-- Opening Marker --

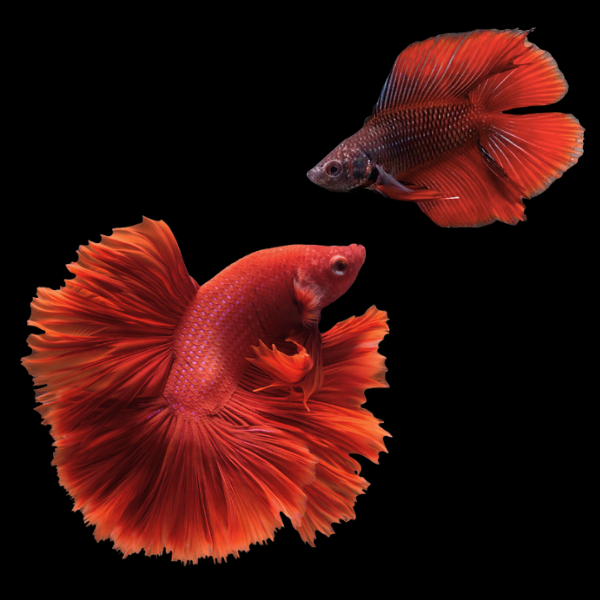 Full Moon Betta Pair Male & Female Red 3cm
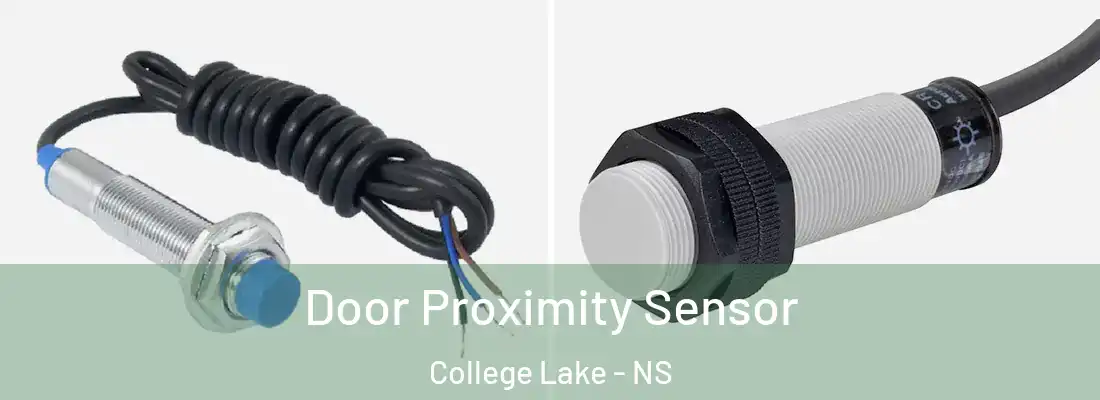 Door Proximity Sensor College Lake - NS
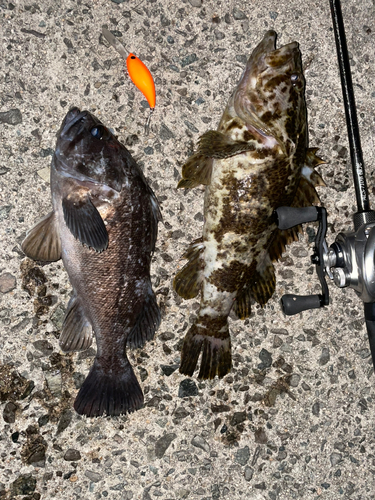 タケノコメバルの釣果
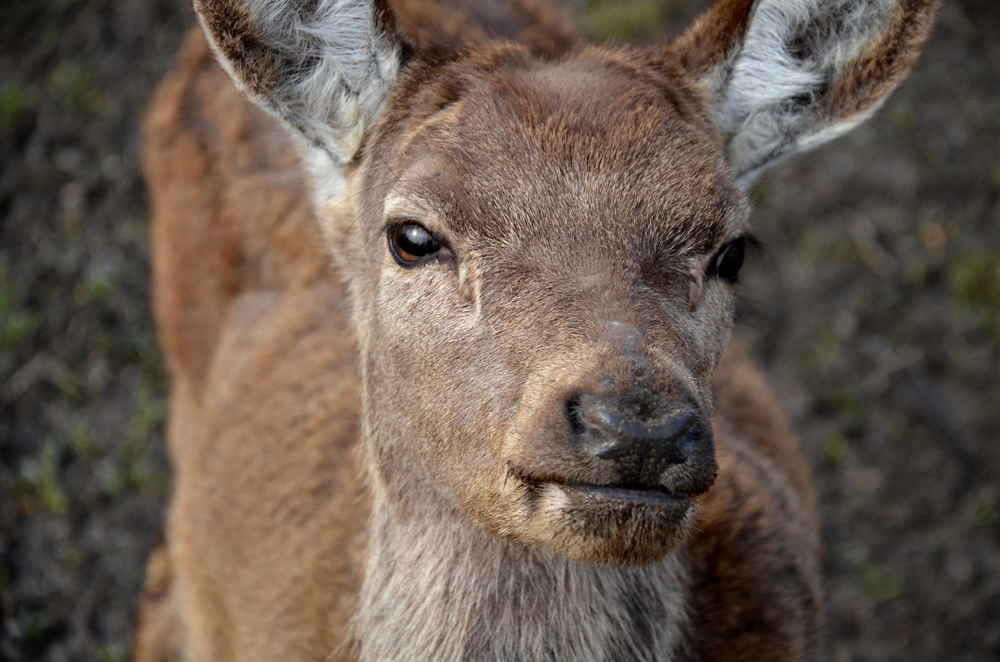 Close-up of a light brown deer in a grassy area.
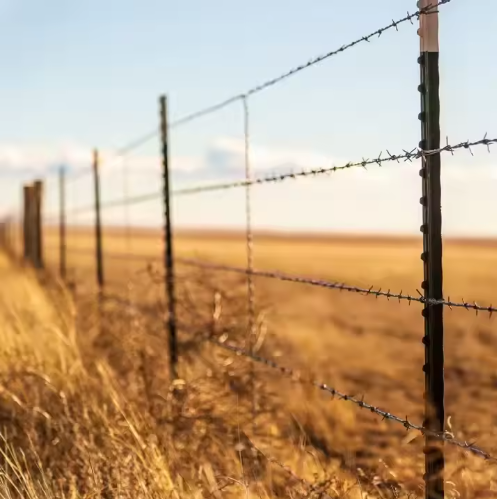 Y-Post Green Metal Fence PostAmerican Steel 6-Foot Galvanized Studded T Post - Green Powder-Coated Garden Trellis for Farm Fencing, Border & Driveway | Easy Assembly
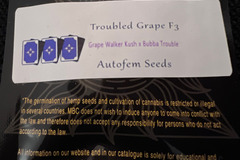 Sell: Magic Strains Troubled Grape F3 5 pack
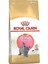 British Shorthair Kitten Yavru Kedi Maması 2 kg 1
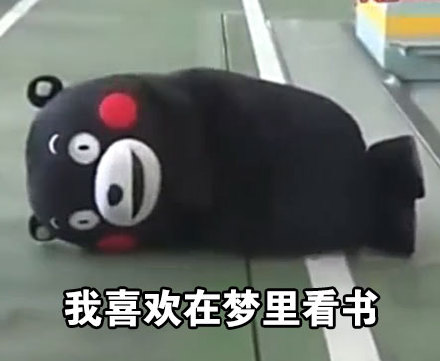 微信熊本熊恶搞学习表情包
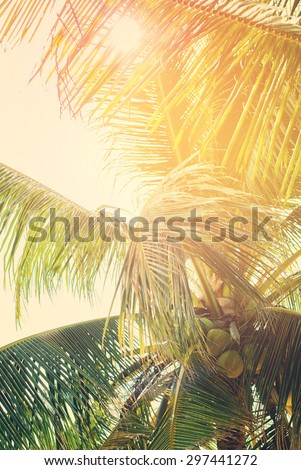 Tropical Palm Tree through Leaf Passes Sun. Effect faded retro photo. Retro filtered Background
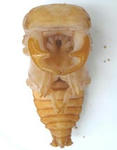 sagarumat31g3.JPG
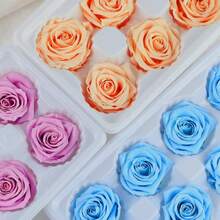 Gift Wrap Boxes - Image 7 - View 6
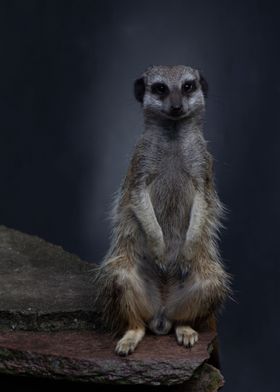 Meerkat portrait front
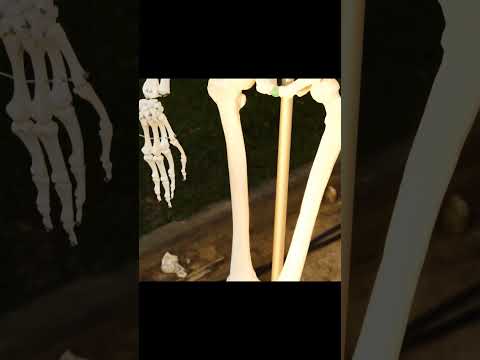 Reklama Bakuś®#bakus #memes #xd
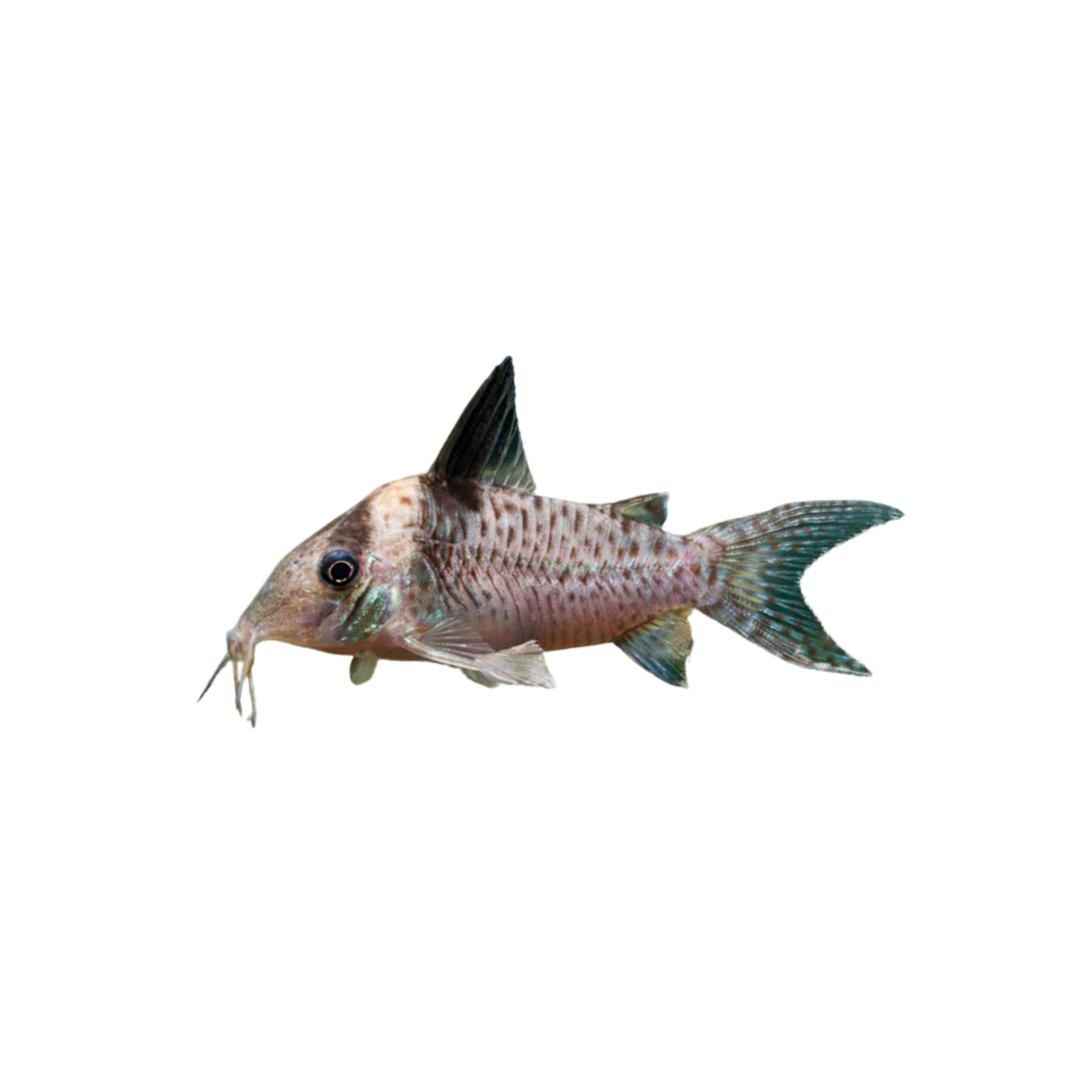 Delphax Corydoras - 5cm (Corydoras delphax) (Live Fish)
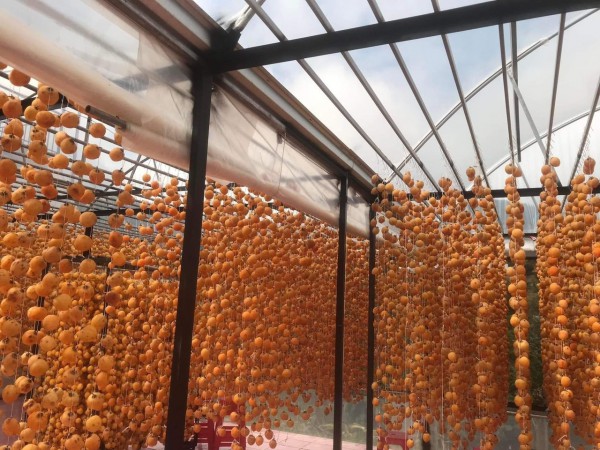 Lên Đà Lạt nhâm nhi món hồng treo gió mọng đỏ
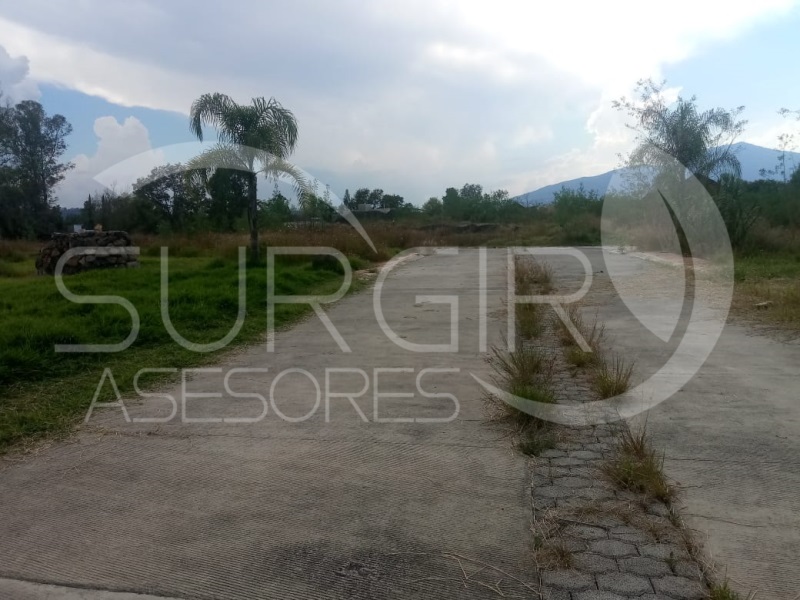 Terreno en Venta en Campestre Del Vergel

-- Closing Marker --

* **Instructions for the task**
If the data includes images, omit them, and set down everything else exactly as above.

* **Final answer**
 Full Moon Betta Pair Male & Female Red 3cm
 Door Proximity Sensor College Lake - NS
 タケノコメバルの釣果
 Close-up of a light brown deer in a grassy area.
 Y-Post Green Metal Fence PostAmerican Steel 6-Foot Galvanized Studded T Post - Green Powder-Coated Garden Trellis for Farm Fencing, Border & Driveway | Easy Assembly
 Sell: Magic Strains Troubled Grape F3 5 pack
 British Shorthair Kitten Yavru Kedi Maması 2 kg 1
 微信熊本熊恶搞学习表情包
 Tropical Palm Tree through Leaf Passes Sun. Effect faded retro photo. Retro filtered Background
 sagarumat31g3.JPG
 Gift Wrap Boxes - Image 7 - View 6
 Meerkat portrait front
 Reklama Bakuś®#bakus #memes #xd
 Delphax Corydoras - 5cm (Corydoras delphax) (Live Fish)
 Lên Đà Lạt nhâm nhi món hồng treo gió mọng đỏ
 Terreno en Venta en Campestre Del Vergel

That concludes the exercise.